Many years ago, I was a systematist, working on the taxonomy of an obscure group of flatworms (long story, details at some later date). In any case, I was using morphological characters to construct the phylogeny, and one of the challenges was to assign reasonable weights to the characters to reflect their propensity to change over evolutionary time. More complex characters would have a greater inertia to change, compared to simpler characters. People had devised various schemes, both subjective and objective, but these methods required weight assignments across all characters. But my problem was more general — suppose, for three characters A, B and C, you knew that both B and C could change more frequently than A, but you had no idea how B and C related to each other. How would you assign weights in this case? I developed a method that I called “information-rich character weighting”, and I applied it to parsimony analysis.The procedure was an iterative method that used weights derived from the character consistency indices.

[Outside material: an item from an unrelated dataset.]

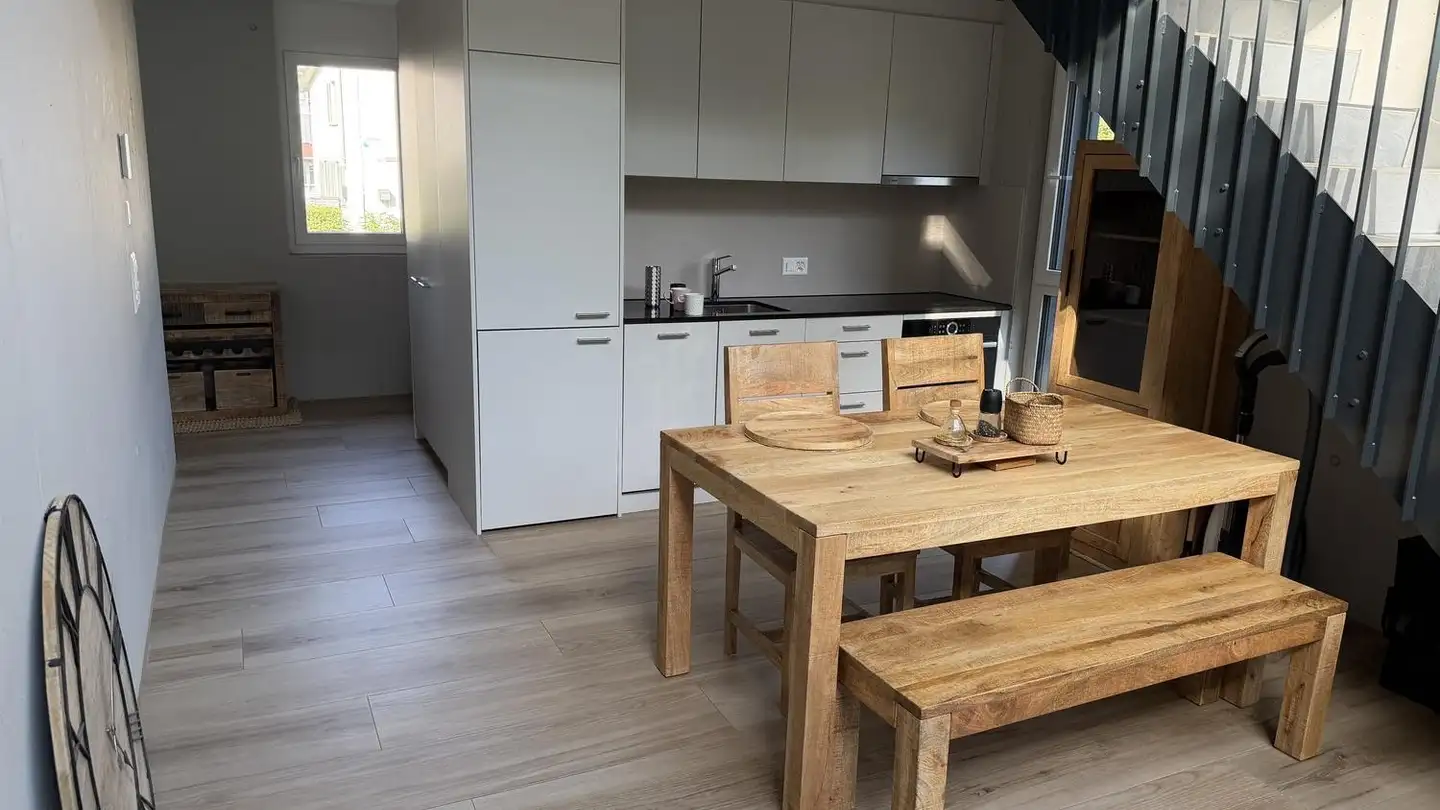 Apartment for rent - 8134 Adliswil - Photo 3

Of course, I didn’t realize it at the time, but what I was doing was clumsily trying to couch the problem in a Bayesian framework: in the paper, I argue that the relative weights are a reflection of prior belief. Which leads me to this project. In Bayesian phylogenetic inference, is there a way of specifying incompletely-specified conditional priors on the relative rates of change of different characters? By this I mean that, as with the example of A, B and C above, I have some prior belief that B and C evolve more rapidly than A, but I have no prior belief about the relative rates of B and C. How can I implement this in a Bayesian phylogenetic analysis?